SPD
Partei sucht Kompass: Sechs Fragen nach dem SPD-Parteitag
Aktualisiert am 29.06.2025 – 10:41 UhrLesedauer: 4 Min.
Ups! Was auf dem Parteitag in Berlin passiert ist, hatten viele in dem Ausmaß nicht beabsichtigt. Die SPD demütigt ihren Vizekanzler – und muss da jetzt irgendwie rauskommen.
Nach diesem Parteitag hat die SPD viel zu verdauen. Das Desaster bei der Bundestagswahl ist noch längst nicht verkraftet: 16,4 Prozent, ein Tiefpunkt der Parteigeschichte. Dann der Schock: Die SPD versetzt dem eigenen Vizekanzler einen Tiefschlag, der selbst seine Kritiker erschreckt. Dann fährt sie auch noch beinahe ihrem beliebtesten Mann, Verteidigungsminister Boris Pistorius, bei der Wehrpflicht in die Parade. Wie sollen die Sozialdemokraten so auf Augenhöhe kommen mit der CDU und Kanzler Friedrich Merz?

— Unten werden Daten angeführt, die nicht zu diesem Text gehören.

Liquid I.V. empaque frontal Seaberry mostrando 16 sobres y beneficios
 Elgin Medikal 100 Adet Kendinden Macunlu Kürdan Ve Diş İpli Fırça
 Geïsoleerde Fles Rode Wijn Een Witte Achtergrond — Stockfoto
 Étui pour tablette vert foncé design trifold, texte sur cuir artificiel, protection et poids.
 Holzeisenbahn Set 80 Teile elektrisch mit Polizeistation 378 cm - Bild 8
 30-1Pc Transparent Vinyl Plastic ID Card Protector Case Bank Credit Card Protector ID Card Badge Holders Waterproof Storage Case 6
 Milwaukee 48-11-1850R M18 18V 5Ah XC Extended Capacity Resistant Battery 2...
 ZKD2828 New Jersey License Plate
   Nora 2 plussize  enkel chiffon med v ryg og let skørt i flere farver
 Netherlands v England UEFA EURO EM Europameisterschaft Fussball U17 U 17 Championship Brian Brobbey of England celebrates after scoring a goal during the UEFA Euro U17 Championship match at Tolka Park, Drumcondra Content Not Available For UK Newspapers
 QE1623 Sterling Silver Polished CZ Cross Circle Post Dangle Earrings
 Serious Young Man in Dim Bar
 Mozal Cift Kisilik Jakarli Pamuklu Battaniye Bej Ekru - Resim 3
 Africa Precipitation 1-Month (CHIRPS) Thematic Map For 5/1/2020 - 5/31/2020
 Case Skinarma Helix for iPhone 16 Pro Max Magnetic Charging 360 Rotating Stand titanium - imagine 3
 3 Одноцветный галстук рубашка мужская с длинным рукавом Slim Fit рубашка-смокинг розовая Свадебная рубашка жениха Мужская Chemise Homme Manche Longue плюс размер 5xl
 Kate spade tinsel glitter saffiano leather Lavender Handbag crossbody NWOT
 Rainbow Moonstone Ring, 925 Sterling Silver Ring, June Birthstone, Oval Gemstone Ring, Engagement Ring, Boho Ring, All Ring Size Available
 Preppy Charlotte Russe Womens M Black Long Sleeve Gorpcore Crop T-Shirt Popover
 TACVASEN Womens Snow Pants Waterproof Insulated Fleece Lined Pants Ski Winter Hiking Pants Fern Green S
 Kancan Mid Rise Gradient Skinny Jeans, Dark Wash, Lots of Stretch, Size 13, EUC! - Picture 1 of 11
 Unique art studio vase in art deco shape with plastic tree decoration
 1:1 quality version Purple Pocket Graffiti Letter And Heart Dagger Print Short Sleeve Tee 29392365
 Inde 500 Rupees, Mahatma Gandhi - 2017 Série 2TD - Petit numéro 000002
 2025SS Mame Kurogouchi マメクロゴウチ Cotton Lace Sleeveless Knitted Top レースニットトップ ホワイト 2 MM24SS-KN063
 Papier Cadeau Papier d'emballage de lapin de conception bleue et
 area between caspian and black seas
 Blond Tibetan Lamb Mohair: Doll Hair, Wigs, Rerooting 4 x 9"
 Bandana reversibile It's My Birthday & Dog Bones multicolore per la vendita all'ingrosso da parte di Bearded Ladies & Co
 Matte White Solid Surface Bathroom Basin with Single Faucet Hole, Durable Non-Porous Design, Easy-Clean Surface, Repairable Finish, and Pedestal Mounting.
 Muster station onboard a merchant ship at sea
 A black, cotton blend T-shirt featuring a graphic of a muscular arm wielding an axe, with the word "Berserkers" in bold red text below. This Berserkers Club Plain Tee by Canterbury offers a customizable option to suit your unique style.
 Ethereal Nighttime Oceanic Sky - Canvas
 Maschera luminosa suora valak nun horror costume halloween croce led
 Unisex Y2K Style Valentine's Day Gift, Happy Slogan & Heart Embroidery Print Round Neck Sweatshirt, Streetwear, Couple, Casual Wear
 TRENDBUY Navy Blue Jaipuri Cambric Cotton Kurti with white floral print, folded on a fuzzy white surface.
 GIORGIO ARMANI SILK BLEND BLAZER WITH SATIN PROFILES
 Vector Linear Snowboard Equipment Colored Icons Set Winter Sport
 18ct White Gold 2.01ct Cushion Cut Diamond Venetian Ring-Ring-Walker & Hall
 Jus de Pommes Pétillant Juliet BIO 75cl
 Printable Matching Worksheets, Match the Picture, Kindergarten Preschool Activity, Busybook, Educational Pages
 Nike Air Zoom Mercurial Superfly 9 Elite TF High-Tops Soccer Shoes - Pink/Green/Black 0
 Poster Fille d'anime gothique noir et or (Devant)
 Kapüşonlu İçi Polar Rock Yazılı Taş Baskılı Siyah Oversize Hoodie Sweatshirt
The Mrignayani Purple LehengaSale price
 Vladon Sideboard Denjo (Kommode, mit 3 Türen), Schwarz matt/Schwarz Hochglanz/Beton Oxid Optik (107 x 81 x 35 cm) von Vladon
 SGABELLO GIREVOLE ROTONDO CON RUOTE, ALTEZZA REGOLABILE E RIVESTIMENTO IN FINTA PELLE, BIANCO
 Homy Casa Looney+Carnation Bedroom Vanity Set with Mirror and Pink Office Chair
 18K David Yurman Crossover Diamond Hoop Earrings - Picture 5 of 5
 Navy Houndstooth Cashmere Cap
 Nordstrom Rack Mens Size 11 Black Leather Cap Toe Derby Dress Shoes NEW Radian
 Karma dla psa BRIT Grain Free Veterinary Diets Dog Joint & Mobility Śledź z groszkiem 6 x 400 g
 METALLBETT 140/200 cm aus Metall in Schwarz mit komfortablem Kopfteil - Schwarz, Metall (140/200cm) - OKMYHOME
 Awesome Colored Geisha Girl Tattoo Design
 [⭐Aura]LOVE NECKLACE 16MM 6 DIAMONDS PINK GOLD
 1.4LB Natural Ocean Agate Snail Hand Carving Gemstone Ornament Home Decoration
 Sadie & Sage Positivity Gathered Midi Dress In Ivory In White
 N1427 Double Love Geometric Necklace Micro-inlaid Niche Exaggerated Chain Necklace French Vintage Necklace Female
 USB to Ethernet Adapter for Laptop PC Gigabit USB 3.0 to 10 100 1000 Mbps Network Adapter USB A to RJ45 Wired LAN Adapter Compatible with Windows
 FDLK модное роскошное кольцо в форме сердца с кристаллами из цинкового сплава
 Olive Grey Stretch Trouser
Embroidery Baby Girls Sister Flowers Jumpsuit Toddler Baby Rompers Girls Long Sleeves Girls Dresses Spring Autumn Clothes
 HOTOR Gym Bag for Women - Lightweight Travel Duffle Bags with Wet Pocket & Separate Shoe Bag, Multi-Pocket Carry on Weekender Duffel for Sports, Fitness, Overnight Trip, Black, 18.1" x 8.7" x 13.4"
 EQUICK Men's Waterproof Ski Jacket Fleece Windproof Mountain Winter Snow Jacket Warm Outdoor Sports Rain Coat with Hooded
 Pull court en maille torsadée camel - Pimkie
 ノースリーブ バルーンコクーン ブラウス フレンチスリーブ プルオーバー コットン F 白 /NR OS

Ihre neue Doppelspitze jedenfalls wählt die SPD mit Ergebnissen, die ungleicher kaum sein könnten: Bärbel Bas, die Neue, die Parteilinke mit der traditionellen SPD-Vita, fährt stolz 95 Prozent ein. Lars Klingbeil, der Vizekanzler, der Machtstratege, landet bei unter 65 Prozent – so schlecht war noch kein SPD-Chef, der ohne Gegenkandidaten antrat.
Das Ergebnis ist eine politische Ohrfeige für den Parteichef. Er hat Vertrauen verloren in den eigenen Reihen: mit seiner rigorosen Personalpolitik nach der Wahl; mit der Strategie, sich auf allen wichtigen Posten mit Vertrauten zu umgeben; damit, dass er die Debatte um die umstrittene Kanzlerkandidatur von Olaf Scholz lange laufen ließ – genauso wie später die parteiinterne Demontage seiner Co-Parteichefin Saskia Esken. Auf dem Parteitag gibt es immer wieder energischen Applaus für jene, die in Klingbeils Machtkarussell leer ausgingen: neben Esken vor allem Ex-Arbeitsminister Hubertus Heil.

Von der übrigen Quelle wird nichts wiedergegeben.